Entity resolution: the secret agent of Continuous Controls Monitoring
April 28, 2021
We often talk about what Continuous Controls Monitoring is and why organisations need to get visibility into their security posture. But we rarely talk about how it actually works. There is an open data-science secret to automating security measurement: entity resolution.
Much like MI6 have James Bond, CCM’s secret agent is entity resolution. Clunky metaphor aside, let’s get into entity resolution and its application in CCM.
What is entity resolution?
Entity resolution is the data science process that CCM relies on to be able to take data from all kinds of sources and aggregate it into useful security metrics. At a high level, it works out what information is about the same thing and how many distinct things are represented in all that data.
Here’s a quick rundown of what CCM does: CCM ingests data from various disparate sources in your organisation and uses entity resolution to create a unified, context-rich view. The process cleans, normalises, aggregates, de-duplicates, correlates and unifies data from all these sources.
But what value does this bring?
Entity resolution provides links and enrichment across the ‘entities’ in an organisation – that is to say: people, endpoints, servers, accounts, databases, applications, and more.
It is the ‘secret agent’ that combines all the fragments of data from all your siloed data sources. It gives the ability to understand every asset, the status of all controls relating to that asset, and how those assets relate to each other and the business. This view is fundamental for any analysis about your assets. Without it, it would be challenging to even determine with confidence how many endpoints you have.
This allows automated, real-time security metrics that provide a view of the overall security posture of the organisation.
Entity resolution is not something unique to Panaseer or Continuous Controls Monitoring, though. It is a process that has applications across marketing, finance, investigation and more. However, it is relatively new to apply entity resolution to understanding cybersecurity posture.
In the context of CCM, it takes data from multiple sources across the environment to create the richest possible view of each entity.
An example of entity resolution
To explain the concept to a layperson, we like to use what we call the ‘James Bond’ example (hence the clunky metaphor).
Say we have a number of data sources providing different pieces of information about people. We want to get all the information that we can about one of the people in those records – James Bond.
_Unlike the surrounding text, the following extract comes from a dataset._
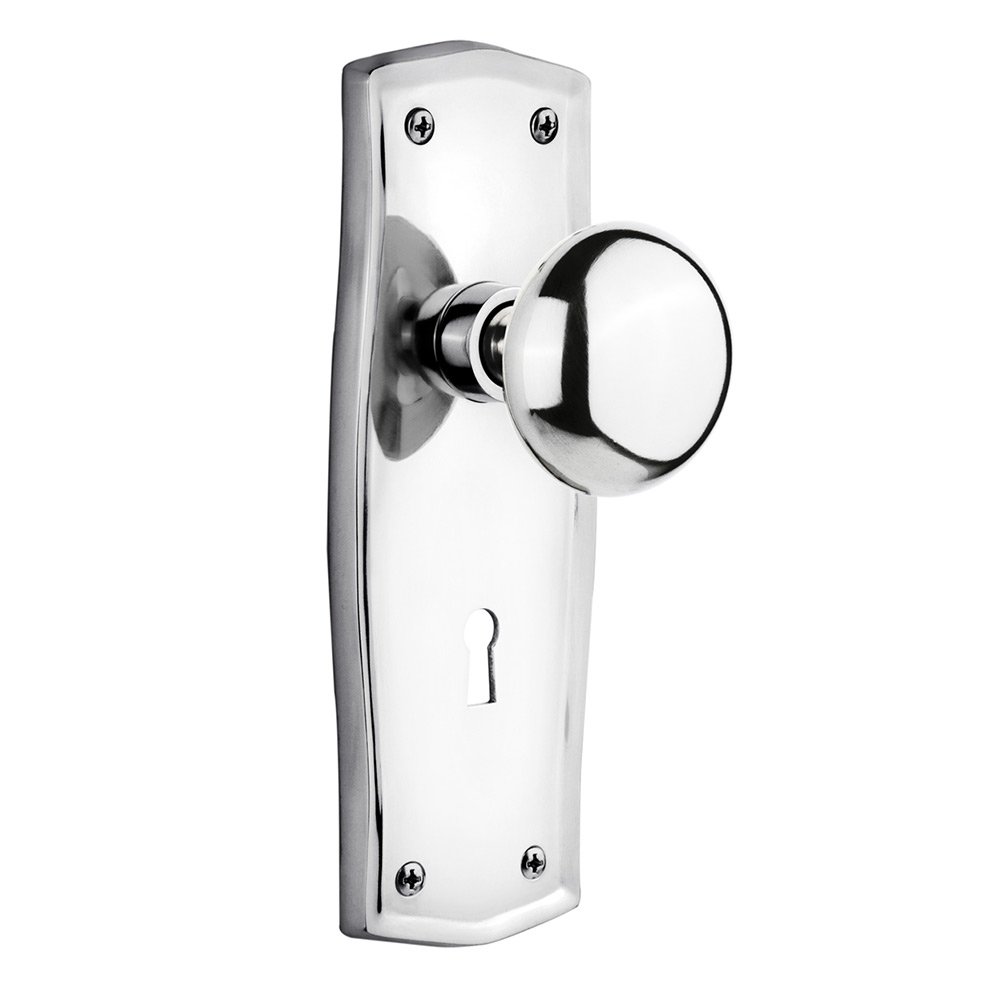 Prairie Collection Passage Prairie Plate with Keyhole and New York Door  Knob in Bright Chrome by Nostalgic Warehouse 705380 MyKnobs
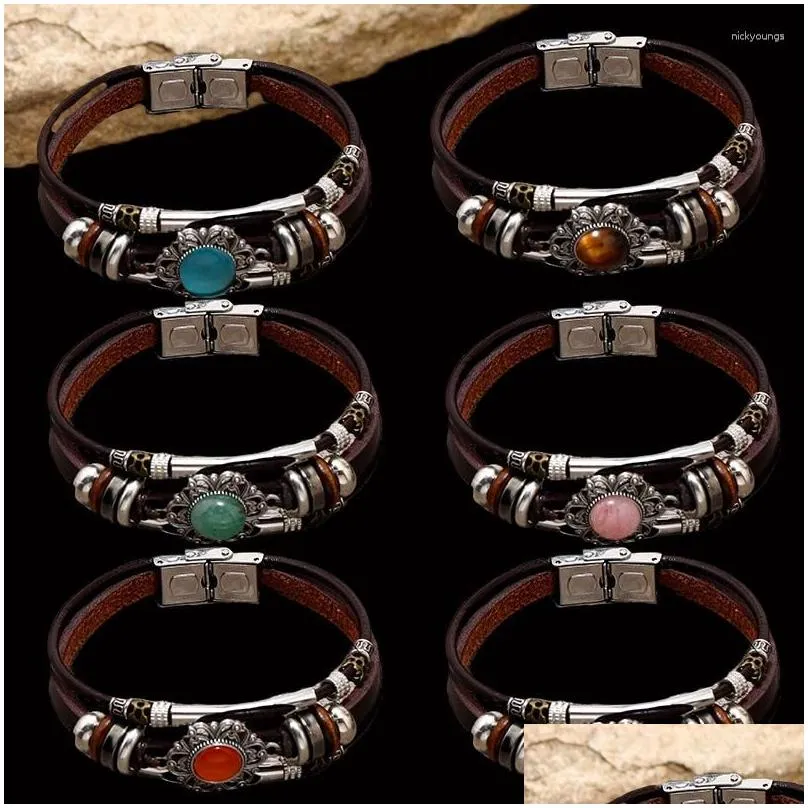 Strand 2Pcs Leather Natural Stone Weave Bracelet For Men Agate Tiger Eye Turquoise Beaded Stainless Steel Bracelets Vintage Jewelry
All of the data sources provide records about him, but they refer to him in different ways.
These data sources might include:
- The MI6 HR database
- The registry of international spies
- Goldfinger’s database of enemies
And those sources may refer to him as:
- James Bond
- Bond, James
- firstname.lastname@example.org (his work email)
- +447007007 (his work phone)
Entity resolution is the process that works out that all those data sources are referring to the same person. And the same for every other person in the data sources, not just James. By triangulating across these sources to find relevant data points, entity resolution creates a unique identifier for each person and enriches it with information. This unified view provides more context about James Bond than could be gathered from any single original source.
Common pitfalls must be avoided during this process. What if there is more than one James Bond for example? In our case, we are creating an entity for the British spy. But what if we have data on James Bond, the twentieth-century American ornithologist of the same name? The entity resolution process must be capable of working out that these are two different people and therefore two different entities.
How does it apply to Continuous Controls Monitoring?
The entity resolution process is a key requirement for an effective Continuous Controls Monitoring operation. That’s because for CCM to provide understanding and visibility of security posture across the organisation, it needs to know about so many types of entity. In the context of CCM, the entity resolution process provides enriched information and context not not just for people (i.e. the employees in the organisation), but also for the other relevant entities mentioned above – endpoints, servers, accounts, databases, applications, and more.
To give a more realistic CCM-based example, imagine doing the same thing to identify endpoint devices within your organisation. Your data sources will be security tools like vulnerability scanners, patch management tools, endpoint agents, the CMDB or other directories, awareness tools, identity and access tools, and further relevant tools from HR and IT.
They may all refer to the device using slightly different identifiers, each containing different fragments of data relating to its purpose, ownership or location. The process identifies that all those sources are talking about the same device and brings all those fragments together to provide a detailed picture of that device.
Automating this for every asset in the organisation is a recipe for enriched, trustworthy asset inventory, which is the foundation for understanding your cybersecurity posture.
It’s easier said than done, though.
The entity resolution process needs to be entirely automated so that the security measurement and metrics that rely on it are continuously up-to-date and available, compared to the outdated standard of weekly/monthly/quarterly. It needs to continuously compare current status with current policy, so you can see where you stand versus where you expect to be.
Automation drives consistency and provides context, so that conversations and decisions are based on reducing risk, and there is no cross-functional debate about the validity of the data. Automating entity resolution provides that all-important data trust.
With all that achieved, entity resolution can therefore be seen as the cornerstone of an effective CCM security measurement programme. Using an entity resolution process means you can look at a CCM platform not just as a platform that produces automated security metrics, but as an evidence collection system. It proves that your controls are operating with integrity and the underlying data is trustworthy. By providing regularity, showing the audit trail, demonstrating the chain of custody of the data, the lineage, how you got it, where from, how it’s transformed and presented, the better trusted that data will be.
Once you have the trusted asset inventories, this gives the organisation a single source of data truth. The CCM platform uses that to provide a trustworthy, up-to-date, view of the organisation’s cybersecurity posture and the effectiveness of its security programme.